Dans l’Évangile selon Saint-Luc, celui qui voit la paille dans l’œil du voisin est réputé ne pas voir la poutre dans le sien. Cette parabole vaut aussi en matière de programmes présidentiels.
Côté Justice, il est vrai que les taux d’exécution des peines restent perfectibles. Environ sept condamnations sur dix en moyenne sont exécutées dans l’année suivant le jugement avec les ralentissements que l’on connait : les aménagements de peine (7,5 mois de délai d’exécution pour une peine aménagée contre 3,7 mois lorsque le mandat de dépôt est ordonné à l’issue de l’audience) d’une part, et l’absence des mis en cause à leur procès (à peine 3 exécutions sur 10 dans l’année suivant le jugement), d’autre part. Mais, côté Police, que dire de la faiblesse des taux d’élucidation en 2020 ? Près de 9 cambriolages sur 10 sont irrésolus, plus de 8 auteurs de vols avec violence ne sont pas retrouvés, près de 4 homicides sur 10 restent non élucidés… La fragilisation de la filière judiciaire est incontestable. Manque de moyen, baisse d’attractivité, perte de sens, les causes sont connues et les conséquences sont perceptibles. Pourtant, rares sont les candidats à l’élection présidentielle qui en parlent.

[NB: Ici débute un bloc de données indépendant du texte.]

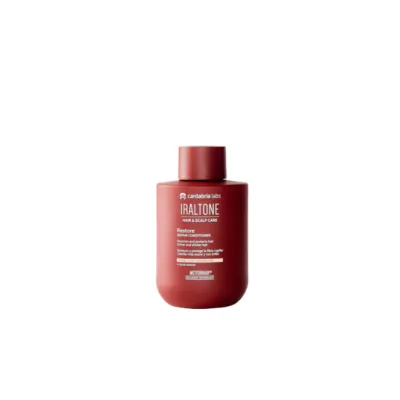 IRALTONE RESTORE KONDICIONIERIUS, 200 ML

Mercredi dernier, à la tribune d’Alliance, celui qui parle de l’avenir du métier de policier n’est pas candidat à l’élection présidentielle : il est ministre de l’Intérieur. Après avoir détaillé les engagements budgétaires de la future Loi de programmation du ministère de l’Intérieur (LOPMI), Gérald Darmanin parle de la Police du futur. Il parle d’ordinateurs, de tablettes connectées et de Web. Qu’il soit clear, deep ou dark, le Web est devenu le repère des criminels d’aujourd’hui et demain. Se référant à Clemenceau, le ministre de l’Intérieur entend que la Police de demain soit correctement outillée pour lutter contre les cybercriminels qui ont fait de l’espace numérique un refuge. Dans la salle, les policiers écoutent. Plus que les paroles, comme à leur habitude, ils jugeront les actes. Mais une chose est sûre : quel que soit leur choix en avril 2022, leur avenir ne se jouera pas (seulement) Place Vendôme.